Sunday, July 23, 2023

Mortal Kombat (1995)

Mortal Kombat (1995)

 


Starring: Robin Shou, Linden Ashby, Bridgette Wilson, Christopher Lambert, Talisa Soto, Cary-Hiroyuki Tagawa, Chris Casamassa, François Petit, Keith Cooke
Director: Paul W. S. Anderson
Action Director: Pat E. Johnson, Robin Shou

 

It’s a long-running joke that video game adaptations are almost guarateed to suck. It all started with Super Mario Bros., in which the writers decided that transforming the material into a dystopian, Blade Runner-esque sci-fi movie set in an alternate universe where reptiles evolved into people was the right approach. That was followed by the lamentable Double Dragon, which toned down the martial arts in favor of scenes like Alyssa Milano with an ugly haircut feeding spinach to Abobo. Right. Then there was Street Fighter, which ditched the martial arts tournament angle in favor of what was essentially a parody of 80s action movies.

There have been some successful movies. Nobody expected the Resident Evil movies to make it to six theatrical releases, but it did. Quality-wise, well, yeah. A lot of people enjoyed the Silent Hill film. The more recent releases of Sonic the Hedgehog and its sequel also showed that you could place video game characters in the “real” world and have a reasonably entertaining outcome. That said, the first successful—financially and with fans—video game movie was Mortal Kombat.

It came out during the summer of 1995. I recall taping a making-of documentary of the film off of TNT a few weeks or so before its release. I was rather excited about the project, although for whatever reason, I wasn’t able to make it to opening weekend. I eventually saw with my brother—who had seen it during its first few days in the theater—when it reached the dollar theater in Stockton. I had a lot of fun with it and eventually bought myself a copy on VHS because, let’s be honest, no martial arts movie fan in the 90s could do without one.

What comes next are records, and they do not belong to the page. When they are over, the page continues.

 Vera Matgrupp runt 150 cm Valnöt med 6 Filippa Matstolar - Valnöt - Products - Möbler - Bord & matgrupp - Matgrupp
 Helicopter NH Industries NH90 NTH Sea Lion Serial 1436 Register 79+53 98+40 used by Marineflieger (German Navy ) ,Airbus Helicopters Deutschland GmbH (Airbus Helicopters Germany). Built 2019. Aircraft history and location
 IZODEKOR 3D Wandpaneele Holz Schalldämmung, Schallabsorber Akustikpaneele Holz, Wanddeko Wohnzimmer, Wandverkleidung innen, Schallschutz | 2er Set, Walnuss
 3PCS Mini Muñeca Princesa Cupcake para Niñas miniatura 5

The movie begins with a young Chinese kid named Liu Chan (Steven Ho, Donatello in the second and third Ninja Turtles movies) taking on the powerful sorcerer Shang Tsung. He loses the fight, at which point Shang Tsung looks into the camera and declares that he’ll still Chan’s soul…and then “you’re next.” It turns out to be a dream that Liu Kang (Robin Shou, of Death Cage and Tiger Cage 2) had, shortly after the notification of his brother’s death. Apparently, Chan had been training to take part in the Mortal Kombat tournament after Liu Kang chickened out and went to live in America. But now that Chan’s dead, Liu Kang blames himself and wants to enter the tournament for revenge.

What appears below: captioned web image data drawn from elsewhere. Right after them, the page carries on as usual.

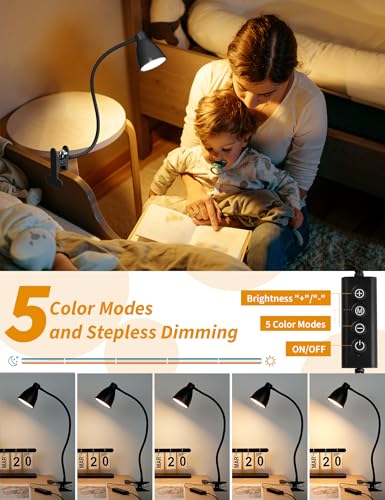 BOHON Desk Lamp 5 Color Modes 10 Brightness Dimmer Reading Light Black - color: Black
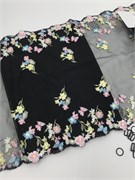 Вышивка на сетке черный/розовый/желтый, ширина 24 см, неэластичная 2921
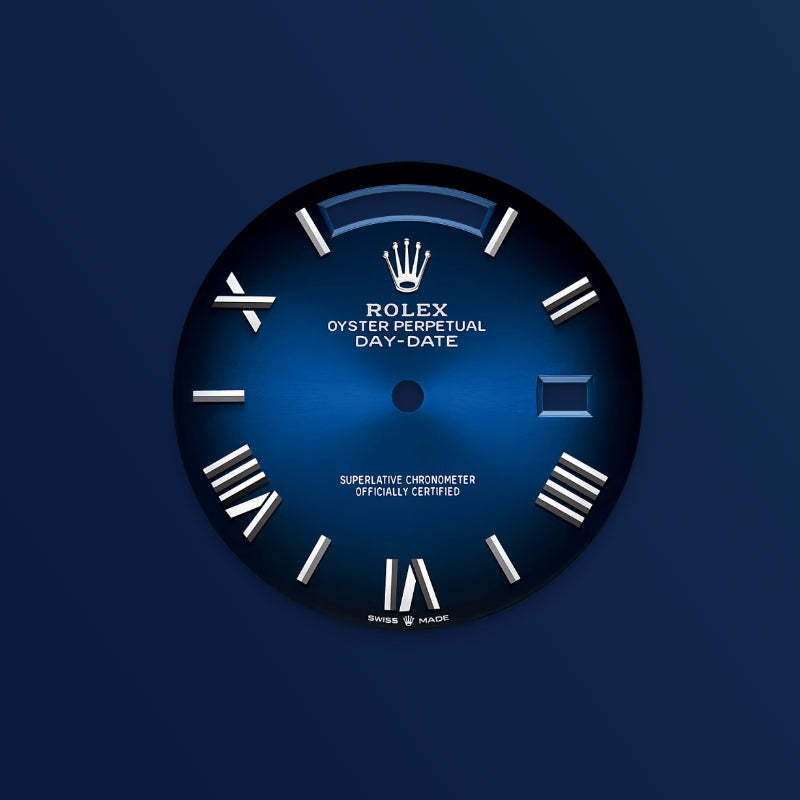 ROLEX   デイデイト 40、ブルーオンブレ、オイスター、40 MM、ホワイトゴールド、ダイヤモンドM228349RBR-0045-最安値に挑戦中!!!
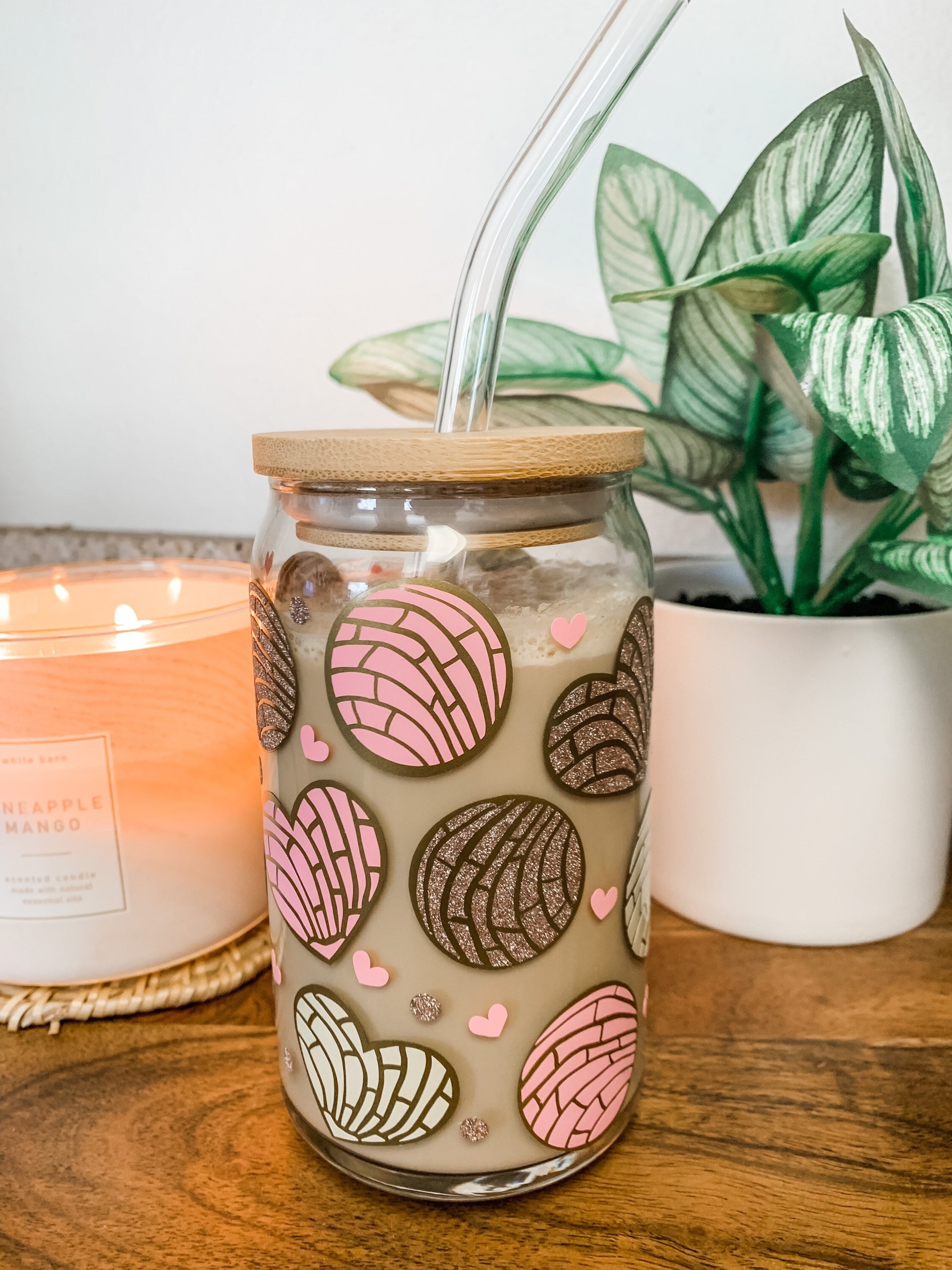 Cafecito and Chisme Beer Can Glass| Pan Dulce Coffee Cup | Iced Coffee Glass Can | Concha Iced Coffee Glass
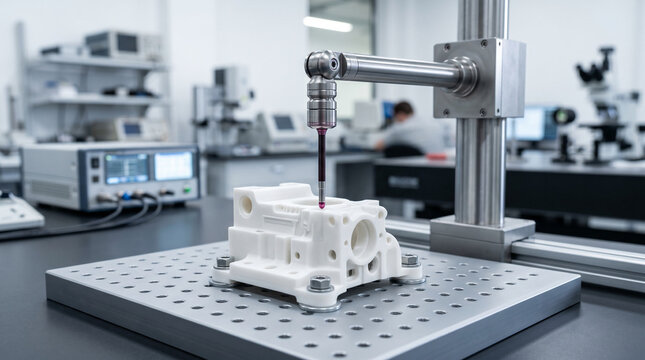 Precision coordinate measuring machine inspecting mechanical part in industrial laboratory.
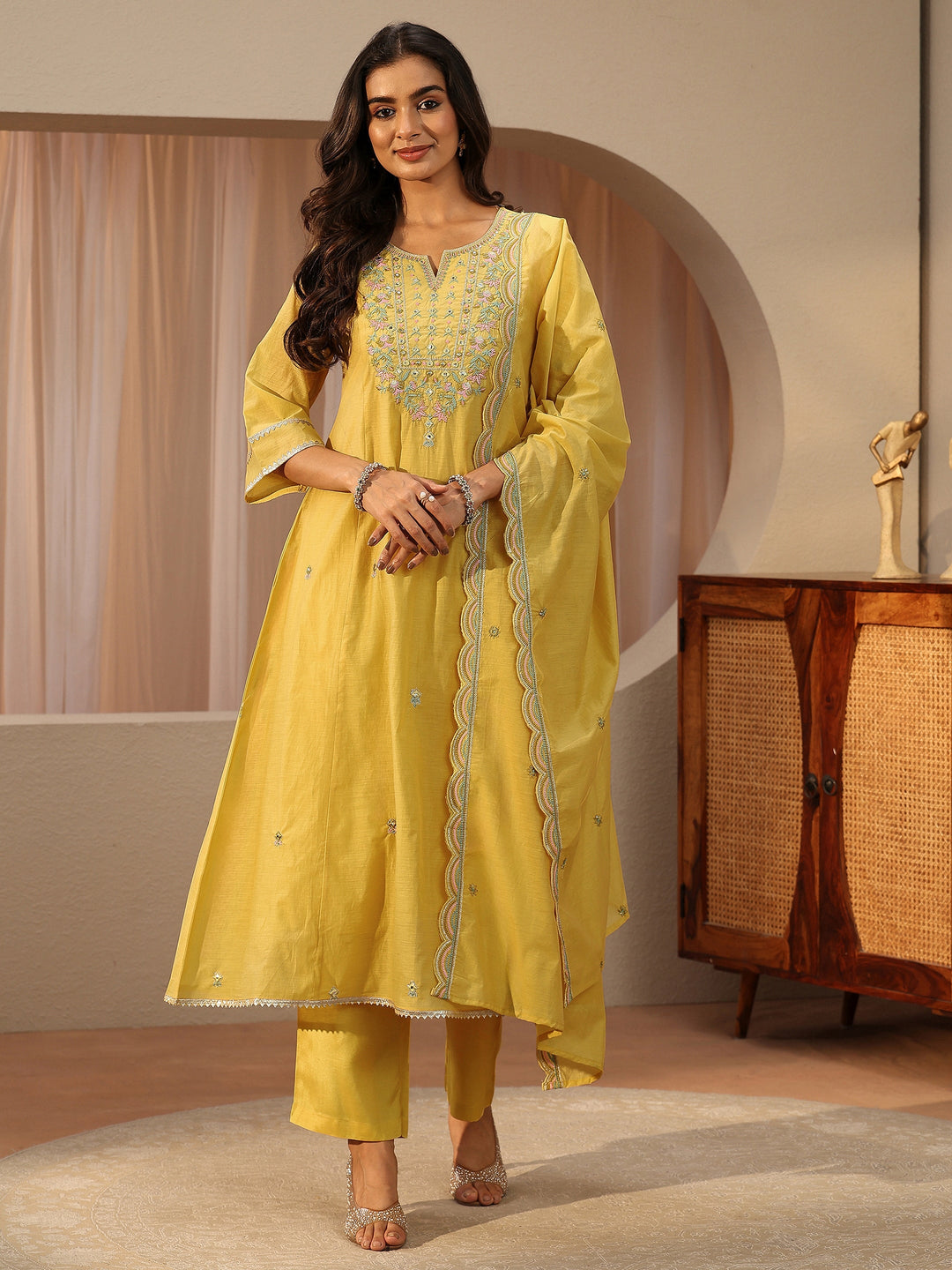  Yellow Floral Embroidered Silk Blend A-Line Suit Set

At the same time, we meet our other main protagonists. One of them is Johnny Cage (Linden Ashby, of “Teen Wolf” and “Melrose Place”), a martial arts actor of the Van Damme variety. Cage has been dogged by the press in recent months, with tabloids accusing him of being a fake when it comes to the fighting. A visit from his old sensei—actually Shang Tsung in disguise--convinces him to join the tournament.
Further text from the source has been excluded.